#### Exercise data

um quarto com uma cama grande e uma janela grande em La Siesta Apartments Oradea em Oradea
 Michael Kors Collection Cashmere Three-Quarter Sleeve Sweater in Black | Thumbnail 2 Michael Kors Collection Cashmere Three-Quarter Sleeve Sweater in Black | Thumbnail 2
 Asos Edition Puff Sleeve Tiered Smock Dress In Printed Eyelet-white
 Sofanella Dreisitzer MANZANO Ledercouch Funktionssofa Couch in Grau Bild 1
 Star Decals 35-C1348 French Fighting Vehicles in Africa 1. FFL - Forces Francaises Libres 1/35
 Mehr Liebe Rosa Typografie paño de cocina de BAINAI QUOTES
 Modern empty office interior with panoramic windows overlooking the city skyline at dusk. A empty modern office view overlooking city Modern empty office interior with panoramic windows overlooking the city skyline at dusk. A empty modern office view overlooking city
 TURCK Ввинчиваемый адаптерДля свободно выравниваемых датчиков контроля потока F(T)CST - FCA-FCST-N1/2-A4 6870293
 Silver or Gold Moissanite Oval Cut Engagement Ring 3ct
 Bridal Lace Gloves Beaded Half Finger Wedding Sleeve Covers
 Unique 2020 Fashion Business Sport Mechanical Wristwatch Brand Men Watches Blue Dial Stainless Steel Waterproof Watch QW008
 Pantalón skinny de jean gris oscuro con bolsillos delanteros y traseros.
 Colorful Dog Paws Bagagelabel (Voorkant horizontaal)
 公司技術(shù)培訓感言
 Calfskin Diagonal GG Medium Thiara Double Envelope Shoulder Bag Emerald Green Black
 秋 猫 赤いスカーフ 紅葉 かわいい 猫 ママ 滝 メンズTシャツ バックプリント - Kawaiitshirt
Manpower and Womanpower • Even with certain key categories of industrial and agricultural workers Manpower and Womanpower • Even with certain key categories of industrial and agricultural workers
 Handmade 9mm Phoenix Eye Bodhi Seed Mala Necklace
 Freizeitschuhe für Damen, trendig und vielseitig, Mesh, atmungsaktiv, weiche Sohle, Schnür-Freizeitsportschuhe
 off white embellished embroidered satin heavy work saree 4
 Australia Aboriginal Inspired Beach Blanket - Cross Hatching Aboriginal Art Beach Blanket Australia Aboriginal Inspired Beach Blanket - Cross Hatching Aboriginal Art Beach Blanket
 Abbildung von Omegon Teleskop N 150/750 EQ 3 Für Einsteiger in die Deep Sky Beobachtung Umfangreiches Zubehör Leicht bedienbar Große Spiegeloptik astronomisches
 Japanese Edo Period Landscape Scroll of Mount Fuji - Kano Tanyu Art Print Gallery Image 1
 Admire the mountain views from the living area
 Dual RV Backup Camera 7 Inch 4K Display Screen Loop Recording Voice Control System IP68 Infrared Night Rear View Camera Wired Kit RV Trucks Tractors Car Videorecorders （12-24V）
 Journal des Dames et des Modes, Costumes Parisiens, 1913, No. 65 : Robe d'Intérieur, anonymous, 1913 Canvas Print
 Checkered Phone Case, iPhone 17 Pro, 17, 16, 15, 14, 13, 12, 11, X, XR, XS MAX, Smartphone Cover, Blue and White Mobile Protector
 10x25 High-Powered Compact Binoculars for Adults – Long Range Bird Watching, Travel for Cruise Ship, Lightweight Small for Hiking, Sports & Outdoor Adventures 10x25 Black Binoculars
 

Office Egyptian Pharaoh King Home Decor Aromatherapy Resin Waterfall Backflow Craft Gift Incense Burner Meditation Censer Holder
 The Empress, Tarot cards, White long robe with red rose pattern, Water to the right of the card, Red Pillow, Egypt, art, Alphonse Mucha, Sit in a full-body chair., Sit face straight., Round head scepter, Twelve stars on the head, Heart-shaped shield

########

Could you please copy the lines above exactly, beginning at the first and ending at the line that contains "Thumbnail 2 Michael"?

um quarto com uma cama grande e uma janela grande em La Siesta Apartments Oradea em Oradea
 Michael Kors Collection Cashmere Three-Quarter Sleeve Sweater in Black | Thumbnail 2 Michael Kors Collection Cashmere Three-Quarter Sleeve Sweater in Black | Thumbnail 2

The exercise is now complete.